Find the equation of the focal chord of the ellipse $3x^2 + 4y^2 = 48$ , whose length is 7.
I found that one of the foci of the ellipse is (2; 0). If I express the equation of the line L that is requested as L: y = mx + b, and replace the coordinates of the point (2; 0), I obtain b = -2m. With this we have L: y = m (x-2). I only need the slope m to solve the problem, but I don't know how to get it. Tried plugging into ellipse equation but got nowhere.
The equation of the ellipse in standard form is
$\dfrac{x^2}{16} + \dfrac{y^2}{12} = 1 $
i.e. $a^2 = 16 , b^2 = 12 $
So the eccentricity is $e = \sqrt{1 - \dfrac{12}{16}} = \dfrac{1}{2}$.
Hence the foci are at $(- a e, 0 )$ and $(a e, 0)$, i.e. at $(-2, 0)$ and $(2, 0)$.
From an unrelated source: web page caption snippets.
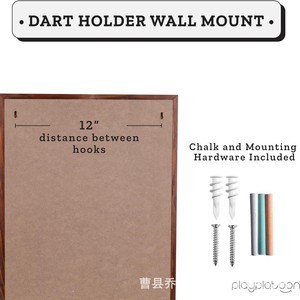 Tableau de score de fléchettes Playplatoon avec étagère, jeu de cricket mural en bois, support de fléchettes en bois massif, tableau de score en bois massif - Product Image 3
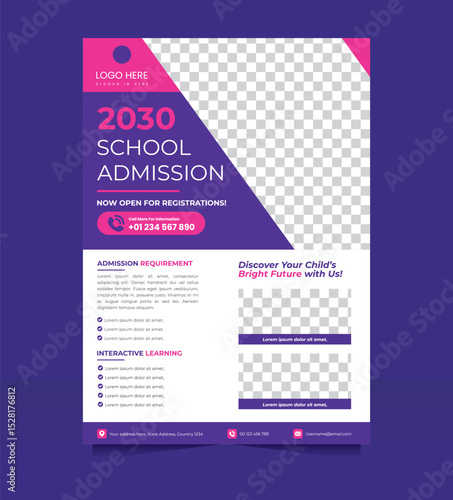 Diagonal School Admission Flyer Bold Pink and Purple, Bold diagonal layout for school admission flyer with pink-purple color palette.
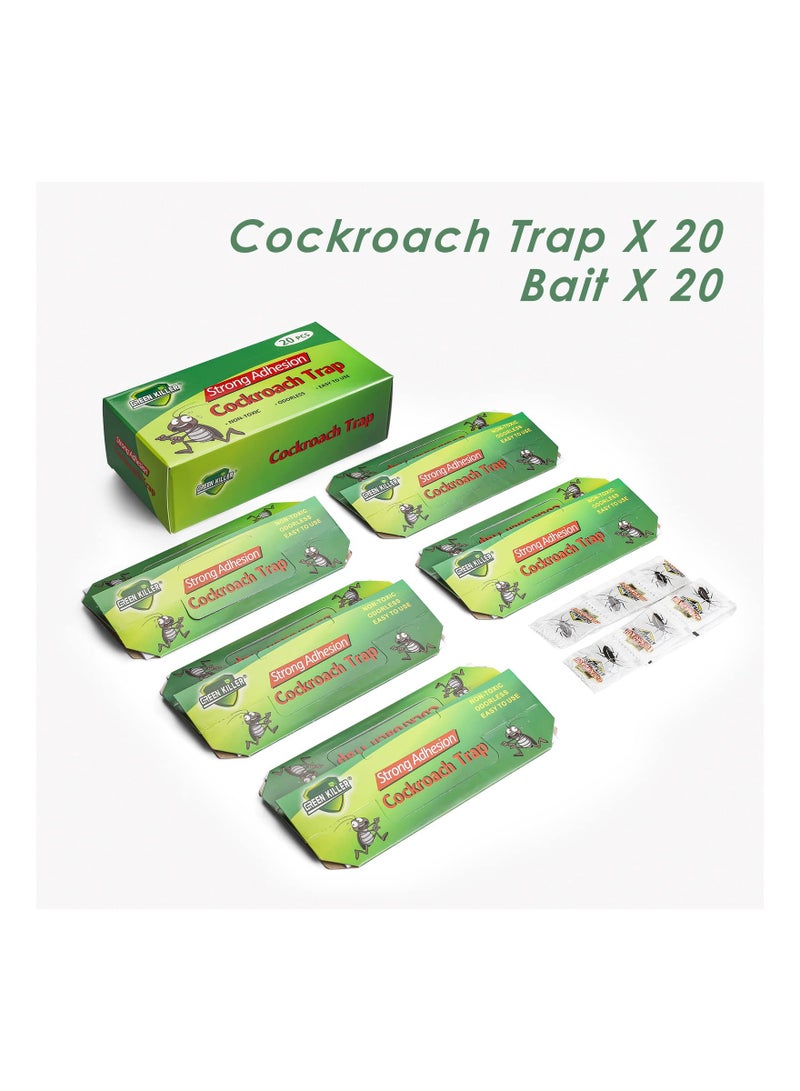 SYOSI 20Pcs Roach Trap, Cockroach Killer Indoor Home, Roach Motel, Friendly Indoor Pet Roach Killer for Roach, Ants, Spiders, Bugs, Beetles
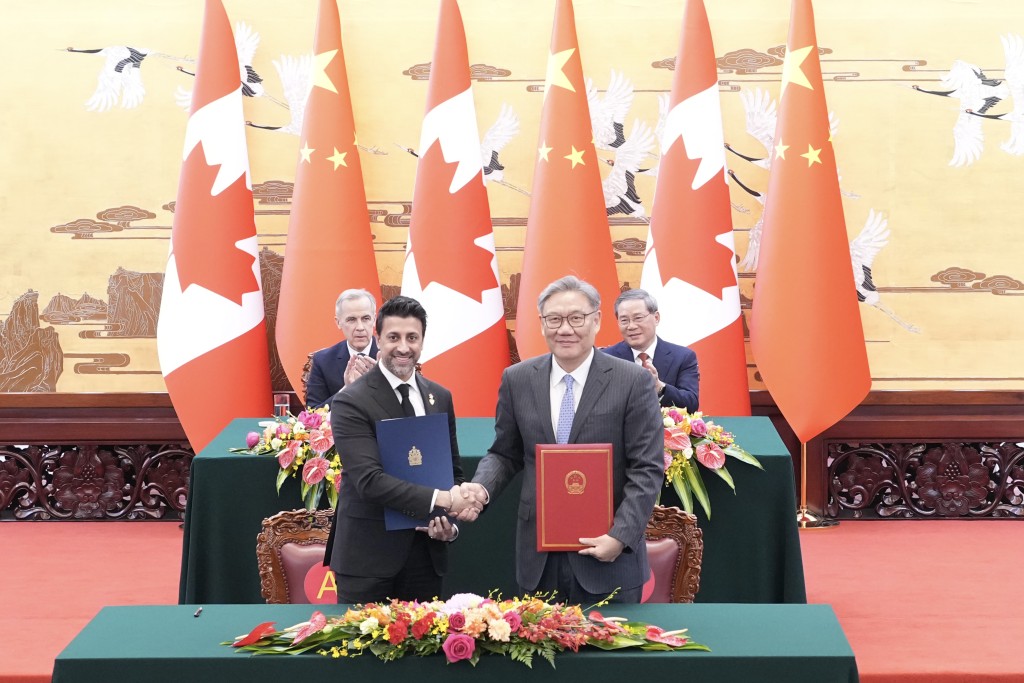 兩國總理共同見證簽署經貿、海關、能源、建築、文化、公共安全等多項合作文件。中新社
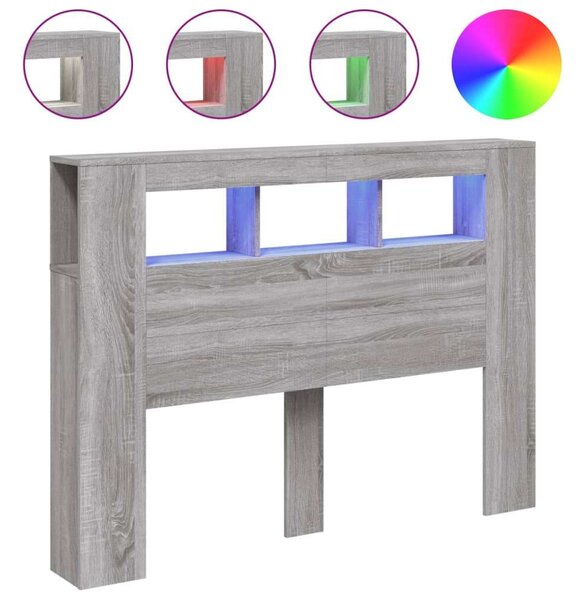 VidaXL szürke sonoma szerelt fa LED-es fejtámla 140x18,5x103,5 cm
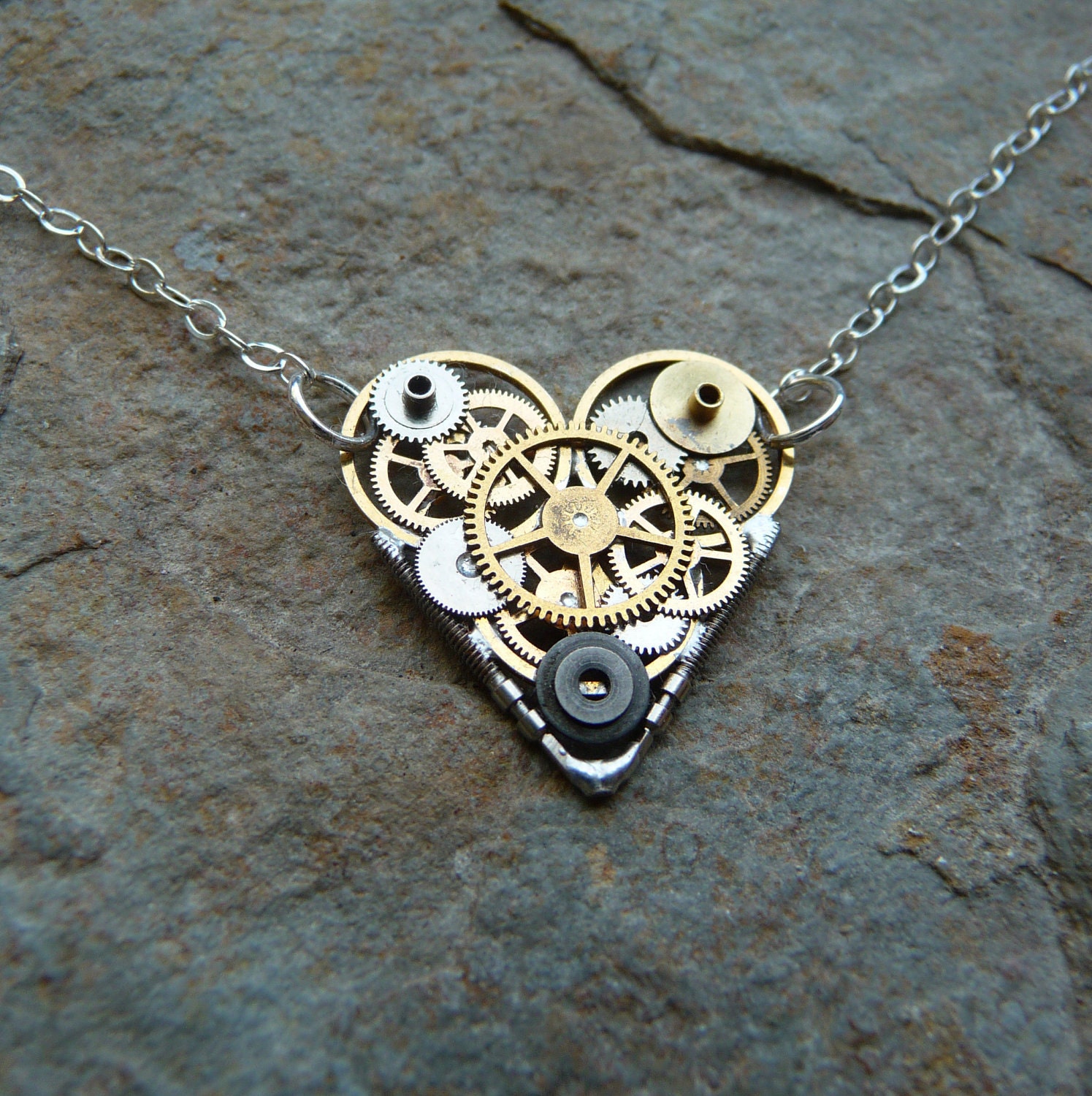 Clockwork Heart Necklace "Infatuation" Elegant Industrial Heart Steampunk Necklace Love Choker Sculpture by A Mechanical Mind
Now pass a line making an angle $\theta $ with the positive $x$ axis, through the right focus, then its parameteric equation is
$ p(t) = (2, 0) + t (\cos \theta , \sin \theta)$
Place this point on the ellipse, then
$(2 + t \cos \theta)^2 / 16 + (t \sin \theta)^2/12 = 1$
Expanding we get a quadratic equation in $t$ as follows
$ a_2 t^2 + a_1 t + a_0 = 0 $
Where $a_2 = \dfrac{\cos^2 \theta}{16} + \dfrac{\sin^2 \theta } { 12 }, a_1 = \dfrac{1}{4} \cos \theta , a_0 = -\dfrac{3}{4} $
The discriminant is
$D= a_1^2 - 4 a_2 a_0 = \dfrac{1}{4}$
Thus the difference in the two solutions is
$\Delta t = \dfrac{\sqrt{\dfrac{1}{4}}}{ a_2 } = 7 $
Hence,
$\dfrac{1}{2} = \dfrac{7}{16} \cos^2 \theta +\dfrac{7}{12} \sin^2 \theta $
Using $\cos^2 \theta = \dfrac{1}{2}(1 + \cos 2 \theta) $, and $ \sin^2 \theta = \dfrac{1}{2} (1 - \cos 2 \theta )$, the above equation becomes,
$\dfrac{1}{2} = \dfrac{49}{96} - \dfrac{7}{96} \cos 2 \theta $
which has the solutions
$ \theta = \pm \dfrac{1}{2}\cos^{-1} \dfrac{1}{7} $
Now the equation of the focal chord is fully known.